**EXERCISE BRIEF:**
Reproduce precisely the lines of the listing below, starting with the line that contains "トラスコ TRUSCO オレンジブック" and stopping after the line that contains "Victoria Residence Thessaloníki"; include nothing else.

**EXERCISE INPUT:**
=-=-=

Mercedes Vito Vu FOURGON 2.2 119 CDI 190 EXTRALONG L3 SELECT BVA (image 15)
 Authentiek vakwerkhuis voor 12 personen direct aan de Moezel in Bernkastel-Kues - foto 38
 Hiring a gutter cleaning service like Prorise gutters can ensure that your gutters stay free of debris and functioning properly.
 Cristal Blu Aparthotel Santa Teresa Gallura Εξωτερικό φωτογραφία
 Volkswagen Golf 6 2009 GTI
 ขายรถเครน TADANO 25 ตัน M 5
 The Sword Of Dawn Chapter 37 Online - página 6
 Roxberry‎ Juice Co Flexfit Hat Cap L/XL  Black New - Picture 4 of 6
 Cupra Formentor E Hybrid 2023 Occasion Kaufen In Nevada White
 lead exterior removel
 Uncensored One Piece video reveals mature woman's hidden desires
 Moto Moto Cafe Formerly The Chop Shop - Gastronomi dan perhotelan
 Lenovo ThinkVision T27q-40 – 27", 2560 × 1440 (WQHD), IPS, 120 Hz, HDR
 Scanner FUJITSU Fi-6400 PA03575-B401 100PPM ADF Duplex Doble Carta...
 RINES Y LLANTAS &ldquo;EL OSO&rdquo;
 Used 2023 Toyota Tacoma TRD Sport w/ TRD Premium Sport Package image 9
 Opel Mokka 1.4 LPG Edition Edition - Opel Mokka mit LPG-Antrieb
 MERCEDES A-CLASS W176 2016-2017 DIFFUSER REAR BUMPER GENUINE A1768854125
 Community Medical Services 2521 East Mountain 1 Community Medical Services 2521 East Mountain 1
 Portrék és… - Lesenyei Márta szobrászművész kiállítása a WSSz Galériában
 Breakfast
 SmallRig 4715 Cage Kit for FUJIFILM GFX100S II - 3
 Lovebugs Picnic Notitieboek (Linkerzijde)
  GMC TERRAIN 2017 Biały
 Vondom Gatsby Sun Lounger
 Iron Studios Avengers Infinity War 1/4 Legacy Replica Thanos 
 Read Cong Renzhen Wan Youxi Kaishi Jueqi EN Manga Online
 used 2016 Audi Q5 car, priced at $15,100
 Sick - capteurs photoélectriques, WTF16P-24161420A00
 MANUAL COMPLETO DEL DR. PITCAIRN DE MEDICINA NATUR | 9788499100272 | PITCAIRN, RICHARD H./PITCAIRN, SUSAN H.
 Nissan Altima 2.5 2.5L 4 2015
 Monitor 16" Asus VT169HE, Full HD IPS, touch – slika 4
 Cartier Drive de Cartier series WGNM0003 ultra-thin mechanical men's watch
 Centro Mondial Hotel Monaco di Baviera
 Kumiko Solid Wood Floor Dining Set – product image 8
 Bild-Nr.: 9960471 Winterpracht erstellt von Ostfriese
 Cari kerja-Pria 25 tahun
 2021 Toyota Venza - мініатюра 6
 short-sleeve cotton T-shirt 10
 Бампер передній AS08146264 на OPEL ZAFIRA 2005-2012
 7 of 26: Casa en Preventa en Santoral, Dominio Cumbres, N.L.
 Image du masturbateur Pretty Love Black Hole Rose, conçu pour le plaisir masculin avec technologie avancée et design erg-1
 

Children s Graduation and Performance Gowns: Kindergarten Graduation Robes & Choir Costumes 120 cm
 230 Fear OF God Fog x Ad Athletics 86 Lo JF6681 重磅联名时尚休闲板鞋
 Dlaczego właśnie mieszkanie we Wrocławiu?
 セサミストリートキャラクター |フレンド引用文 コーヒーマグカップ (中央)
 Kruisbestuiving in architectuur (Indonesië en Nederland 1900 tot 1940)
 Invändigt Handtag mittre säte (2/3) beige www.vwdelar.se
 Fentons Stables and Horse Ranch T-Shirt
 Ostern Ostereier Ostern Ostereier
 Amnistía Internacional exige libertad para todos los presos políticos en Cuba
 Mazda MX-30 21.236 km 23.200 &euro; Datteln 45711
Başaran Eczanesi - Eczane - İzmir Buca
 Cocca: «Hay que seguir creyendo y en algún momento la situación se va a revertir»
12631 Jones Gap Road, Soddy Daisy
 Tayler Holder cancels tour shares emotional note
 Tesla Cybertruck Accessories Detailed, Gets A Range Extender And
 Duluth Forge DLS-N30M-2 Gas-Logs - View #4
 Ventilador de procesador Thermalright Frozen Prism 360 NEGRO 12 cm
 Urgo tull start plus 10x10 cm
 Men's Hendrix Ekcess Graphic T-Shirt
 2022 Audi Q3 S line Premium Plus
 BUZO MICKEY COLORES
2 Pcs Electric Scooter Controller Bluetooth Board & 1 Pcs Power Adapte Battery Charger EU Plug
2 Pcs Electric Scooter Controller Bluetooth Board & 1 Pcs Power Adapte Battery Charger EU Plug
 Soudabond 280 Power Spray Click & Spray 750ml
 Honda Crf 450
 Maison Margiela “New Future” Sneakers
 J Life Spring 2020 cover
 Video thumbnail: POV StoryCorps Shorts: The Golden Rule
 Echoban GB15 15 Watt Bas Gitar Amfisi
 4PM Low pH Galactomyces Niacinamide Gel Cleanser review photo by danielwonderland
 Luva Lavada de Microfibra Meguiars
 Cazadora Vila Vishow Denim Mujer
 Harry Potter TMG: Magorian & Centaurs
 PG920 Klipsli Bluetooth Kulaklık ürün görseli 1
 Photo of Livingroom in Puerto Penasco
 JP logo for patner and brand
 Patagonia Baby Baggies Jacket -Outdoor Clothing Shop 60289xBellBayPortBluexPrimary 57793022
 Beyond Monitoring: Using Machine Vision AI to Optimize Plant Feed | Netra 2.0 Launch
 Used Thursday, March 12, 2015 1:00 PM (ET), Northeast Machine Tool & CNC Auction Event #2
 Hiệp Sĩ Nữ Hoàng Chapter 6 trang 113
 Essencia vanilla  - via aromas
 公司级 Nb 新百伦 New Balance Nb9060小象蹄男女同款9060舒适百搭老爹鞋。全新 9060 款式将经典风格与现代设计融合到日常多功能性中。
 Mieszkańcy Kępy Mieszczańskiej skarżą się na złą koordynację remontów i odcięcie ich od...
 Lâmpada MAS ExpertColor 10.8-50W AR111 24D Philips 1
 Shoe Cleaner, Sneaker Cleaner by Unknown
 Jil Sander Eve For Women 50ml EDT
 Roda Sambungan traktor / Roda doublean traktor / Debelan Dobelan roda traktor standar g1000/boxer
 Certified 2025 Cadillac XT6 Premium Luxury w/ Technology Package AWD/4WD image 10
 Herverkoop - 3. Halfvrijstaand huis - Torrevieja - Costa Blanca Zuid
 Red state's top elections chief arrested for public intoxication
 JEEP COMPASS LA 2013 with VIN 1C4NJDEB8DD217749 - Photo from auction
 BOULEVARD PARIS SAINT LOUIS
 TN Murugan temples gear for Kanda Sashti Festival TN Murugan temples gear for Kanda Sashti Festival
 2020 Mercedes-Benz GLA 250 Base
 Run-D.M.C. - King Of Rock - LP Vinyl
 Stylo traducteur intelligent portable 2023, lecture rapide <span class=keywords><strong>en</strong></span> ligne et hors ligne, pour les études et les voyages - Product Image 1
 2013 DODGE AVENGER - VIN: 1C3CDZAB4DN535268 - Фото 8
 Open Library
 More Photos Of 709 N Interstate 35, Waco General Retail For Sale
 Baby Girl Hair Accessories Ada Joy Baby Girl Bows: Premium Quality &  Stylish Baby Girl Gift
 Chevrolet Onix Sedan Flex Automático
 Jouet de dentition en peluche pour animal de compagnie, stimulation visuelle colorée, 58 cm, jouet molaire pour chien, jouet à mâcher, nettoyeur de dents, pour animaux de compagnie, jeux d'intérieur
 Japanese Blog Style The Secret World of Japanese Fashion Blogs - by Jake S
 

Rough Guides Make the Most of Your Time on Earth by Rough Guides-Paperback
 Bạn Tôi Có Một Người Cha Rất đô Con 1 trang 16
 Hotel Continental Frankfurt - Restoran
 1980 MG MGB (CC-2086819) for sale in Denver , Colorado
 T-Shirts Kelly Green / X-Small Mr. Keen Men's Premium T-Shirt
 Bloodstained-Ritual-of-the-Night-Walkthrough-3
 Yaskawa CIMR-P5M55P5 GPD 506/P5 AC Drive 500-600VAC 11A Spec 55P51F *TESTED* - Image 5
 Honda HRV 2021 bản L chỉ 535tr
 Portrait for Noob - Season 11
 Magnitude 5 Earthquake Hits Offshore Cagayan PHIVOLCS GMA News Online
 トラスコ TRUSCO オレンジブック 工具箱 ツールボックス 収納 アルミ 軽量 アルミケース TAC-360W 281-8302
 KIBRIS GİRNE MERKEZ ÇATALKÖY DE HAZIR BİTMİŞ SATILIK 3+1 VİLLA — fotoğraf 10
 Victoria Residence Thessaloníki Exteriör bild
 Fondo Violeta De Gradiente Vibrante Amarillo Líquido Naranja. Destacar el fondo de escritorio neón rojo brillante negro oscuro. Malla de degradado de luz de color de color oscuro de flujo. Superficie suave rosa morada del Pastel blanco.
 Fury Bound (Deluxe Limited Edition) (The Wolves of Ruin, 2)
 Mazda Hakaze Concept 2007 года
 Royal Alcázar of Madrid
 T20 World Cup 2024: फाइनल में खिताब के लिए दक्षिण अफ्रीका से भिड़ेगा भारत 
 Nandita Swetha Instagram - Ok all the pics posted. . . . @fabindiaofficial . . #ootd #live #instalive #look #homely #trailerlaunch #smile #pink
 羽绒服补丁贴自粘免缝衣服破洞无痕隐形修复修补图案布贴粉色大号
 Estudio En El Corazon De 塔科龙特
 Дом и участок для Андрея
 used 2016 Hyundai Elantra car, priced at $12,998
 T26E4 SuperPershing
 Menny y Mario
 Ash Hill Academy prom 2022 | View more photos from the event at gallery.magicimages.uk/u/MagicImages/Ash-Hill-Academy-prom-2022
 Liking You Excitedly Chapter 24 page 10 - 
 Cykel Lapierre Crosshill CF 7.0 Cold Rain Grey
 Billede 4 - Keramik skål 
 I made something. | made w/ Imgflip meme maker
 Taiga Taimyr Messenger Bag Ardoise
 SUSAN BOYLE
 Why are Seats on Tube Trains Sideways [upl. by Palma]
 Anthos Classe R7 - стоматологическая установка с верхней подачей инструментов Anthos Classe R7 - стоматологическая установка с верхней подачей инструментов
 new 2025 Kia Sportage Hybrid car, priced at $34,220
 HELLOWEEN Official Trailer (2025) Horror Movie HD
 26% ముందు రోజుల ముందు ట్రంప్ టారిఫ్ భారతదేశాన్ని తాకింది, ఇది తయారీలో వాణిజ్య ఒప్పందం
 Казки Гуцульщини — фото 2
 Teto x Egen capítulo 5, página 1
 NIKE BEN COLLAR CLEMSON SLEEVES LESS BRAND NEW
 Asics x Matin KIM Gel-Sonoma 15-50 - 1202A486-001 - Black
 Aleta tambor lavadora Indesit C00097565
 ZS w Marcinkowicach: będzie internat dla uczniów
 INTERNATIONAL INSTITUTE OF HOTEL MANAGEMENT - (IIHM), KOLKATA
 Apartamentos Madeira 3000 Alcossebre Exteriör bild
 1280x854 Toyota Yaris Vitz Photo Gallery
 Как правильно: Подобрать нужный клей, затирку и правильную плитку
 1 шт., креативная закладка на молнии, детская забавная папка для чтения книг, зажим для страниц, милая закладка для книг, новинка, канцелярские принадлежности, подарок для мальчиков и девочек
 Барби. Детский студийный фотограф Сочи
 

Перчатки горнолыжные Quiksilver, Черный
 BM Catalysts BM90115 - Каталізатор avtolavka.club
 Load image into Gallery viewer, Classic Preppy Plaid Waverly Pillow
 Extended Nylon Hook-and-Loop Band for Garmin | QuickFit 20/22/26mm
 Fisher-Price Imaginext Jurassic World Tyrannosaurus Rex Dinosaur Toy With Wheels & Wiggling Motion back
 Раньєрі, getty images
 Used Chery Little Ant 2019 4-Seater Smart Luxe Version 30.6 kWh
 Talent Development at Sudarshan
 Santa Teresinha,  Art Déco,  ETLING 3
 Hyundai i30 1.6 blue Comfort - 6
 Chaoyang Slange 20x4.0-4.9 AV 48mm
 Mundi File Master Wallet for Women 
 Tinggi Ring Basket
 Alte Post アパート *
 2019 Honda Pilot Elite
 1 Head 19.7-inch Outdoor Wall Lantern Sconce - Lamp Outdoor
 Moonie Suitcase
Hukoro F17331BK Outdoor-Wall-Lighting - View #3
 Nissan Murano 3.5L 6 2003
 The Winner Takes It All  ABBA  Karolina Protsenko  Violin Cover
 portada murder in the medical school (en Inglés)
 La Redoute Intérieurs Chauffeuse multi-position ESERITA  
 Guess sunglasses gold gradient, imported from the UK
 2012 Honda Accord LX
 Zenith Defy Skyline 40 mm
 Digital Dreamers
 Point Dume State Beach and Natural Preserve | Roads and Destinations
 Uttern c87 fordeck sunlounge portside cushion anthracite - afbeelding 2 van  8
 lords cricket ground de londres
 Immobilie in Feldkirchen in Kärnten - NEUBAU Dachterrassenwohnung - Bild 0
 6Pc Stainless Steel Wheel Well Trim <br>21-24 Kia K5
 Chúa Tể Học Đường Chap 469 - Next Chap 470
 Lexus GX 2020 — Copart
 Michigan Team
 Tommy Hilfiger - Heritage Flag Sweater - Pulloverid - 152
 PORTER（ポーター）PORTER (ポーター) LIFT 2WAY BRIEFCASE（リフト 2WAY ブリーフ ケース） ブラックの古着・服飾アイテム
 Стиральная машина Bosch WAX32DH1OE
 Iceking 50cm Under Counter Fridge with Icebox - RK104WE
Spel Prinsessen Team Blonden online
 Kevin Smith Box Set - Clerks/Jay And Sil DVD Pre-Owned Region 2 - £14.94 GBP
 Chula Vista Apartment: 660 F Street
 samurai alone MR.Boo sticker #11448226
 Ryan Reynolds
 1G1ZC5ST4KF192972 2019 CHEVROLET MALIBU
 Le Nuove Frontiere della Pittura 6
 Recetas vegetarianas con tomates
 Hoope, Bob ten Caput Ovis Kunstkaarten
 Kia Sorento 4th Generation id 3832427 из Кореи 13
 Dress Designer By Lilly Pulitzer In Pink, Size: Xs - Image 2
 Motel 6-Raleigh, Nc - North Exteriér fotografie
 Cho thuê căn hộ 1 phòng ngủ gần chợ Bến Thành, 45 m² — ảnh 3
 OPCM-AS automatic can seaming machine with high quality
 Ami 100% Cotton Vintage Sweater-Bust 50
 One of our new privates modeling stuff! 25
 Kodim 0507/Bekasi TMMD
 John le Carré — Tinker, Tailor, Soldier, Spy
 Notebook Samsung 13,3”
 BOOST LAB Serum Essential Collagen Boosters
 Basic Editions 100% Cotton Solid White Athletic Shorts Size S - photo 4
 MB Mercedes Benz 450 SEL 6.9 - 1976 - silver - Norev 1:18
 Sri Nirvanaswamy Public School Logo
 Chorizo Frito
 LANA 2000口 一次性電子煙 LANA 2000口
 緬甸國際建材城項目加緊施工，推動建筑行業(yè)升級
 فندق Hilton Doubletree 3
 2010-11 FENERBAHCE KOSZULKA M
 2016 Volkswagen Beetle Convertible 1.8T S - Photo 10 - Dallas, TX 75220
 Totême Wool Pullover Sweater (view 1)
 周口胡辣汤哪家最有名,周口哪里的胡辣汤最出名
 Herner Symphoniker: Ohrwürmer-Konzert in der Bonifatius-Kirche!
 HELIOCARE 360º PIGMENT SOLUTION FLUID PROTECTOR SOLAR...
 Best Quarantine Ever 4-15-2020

=-=-=

**YOUR RESPONSE:**
 トラスコ TRUSCO オレンジブック 工具箱 ツールボックス 収納 アルミ 軽量 アルミケース TAC-360W 281-8302
 KIBRIS GİRNE MERKEZ ÇATALKÖY DE HAZIR BİTMİŞ SATILIK 3+1 VİLLA — fotoğraf 10
 Victoria Residence Thessaloníki Exteriör bild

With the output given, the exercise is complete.